I'm trying to ingest a sequence of 6293 strings, each 8 characters long, and create a map in which each key is an integer from 1 to 63, and each value is a subsequence of the 6293 strings, from ($key+1) * 100) to that starting value + 99.
I wrote a function to do this recursively (so I thought), but it runs and runs (I've given it over 5 minutes), and so I can see I borked something. I wrote a function to output the starting and ending sequence indices for each execution of the function, but it (as the only change to the first function) quickly causes a stack overflow:
*Error:* Stack Overflow: Try tail recursion?
Since the recursive call was the last expression in the function, I thought I was doing tail recursion.
I'm running 11.6.0. The code with explanatory comments follows. I'd be grateful for any corrections and insights.
declare function local:write_results($elems as element()*, $count as xs:integer) { let $dir_path := '/home/cfbearden/projects/mesh_for_pure/20241220/data/' let $count_as_str := xs:string($count) let $content_out := <PubmedArticleSet>{$elems}</PubmedArticleSet> let $path := $dir_path || 'pmed2022_' || $count_as_str || '.xml' let $params := { 'method' : 'xml', 'indent' : 'yes' } return file:write($path, $elems, $params) };
declare function local:by_hundreds($pmids as xs:string*, $pmid_map as map(*)) as map(*) { let $key_count := count(map:keys($pmid_map)) return (: base case: each value except the last should have 100 items in it; the last should have <= 100; in this case we return the map goal is to build a map with 63 keys, with each value a sequence of 100 or 93 (in the last case) strings :) if ((($key_count + 1) * 100) >= count($pmids)) then $pmid_map else (: starting index for subsequence() :) let $start := 1 + ($key_count * 100) (: ending index for subsequence() :) let $end := $start + 99 (: value of the map key for this 100 items :) let $key := $key_count + 1 (: attempt to log all recurrent executions to files let $foo := local:write_results(<res><start>{$start}</start><end>{$end}</end></res>, $key_count) :) (: create a map with $key as key and the subsequence from n to n + 99 of $pmids and merge it with input accumulator map to make a new map :) let $pmid_map_new := map:merge($pmid_map, map { $key : subsequence($pmids, $start, $end) }) (: recur; the number of keys in $pmid_map_new will enable the next execution to determine which items from $pmids to use :) return local:by_hundreds($pmids, $pmid_map_new) };
(: The data format is simple: <DATA_RECORDS> <DATA_RECORD> <pub_uuid>0008980a-f1f3-40bf-8c13-cb0b79dfa81e</pub_uuid> <pmid>35732127</pmid> </DATA_RECORD> ... </DATA_RECORDS> :) let $pure_2022_db := collection('pure_2022')

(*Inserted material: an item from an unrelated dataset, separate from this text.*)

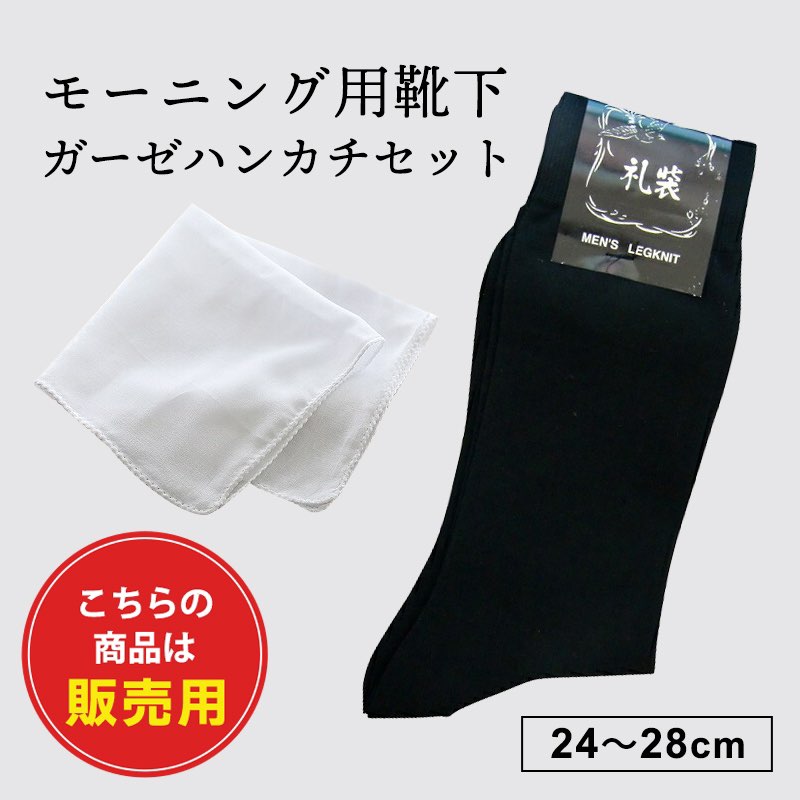 楽天市場】販売用【礼装用】靴下 メンズ【黒縞】24cm 25cm 26cm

(: yields a sequence of 6293 strings, all 8 characters long :) let $pmids := ( for $drec in $pure_2022_db/DATA_RECORDS/DATA_RECORD let $pmid := $drec/pmid/text() return $pmid )
let $result := local:by_hundreds($pmids, {}) return $result
All the best, Chuck Bearden
Hello Chuck,
Maybe I will have time to look at your code later, but the first thing that came to mind was to use `group by`:
map:merge( for $pmidset at $i in $pmids group by $chunk as xs:integer := ($i idiv 100) return map:entry($chunk, $pmidset) )
This should give you the map you expect.
Best regards, Nico Verwer
Hello Chuck,
The reason why you have infinite recursion is, that the signature of `map:merge` is
map:merge($maps as map(*)*, $options as map(*)) as map(*)
The first parameter is a sequence of maps, and the second parameter is a map with options. This means that in your code
map:merge($pmid_map, map { $key : subsequence($pmids, $start, $end) })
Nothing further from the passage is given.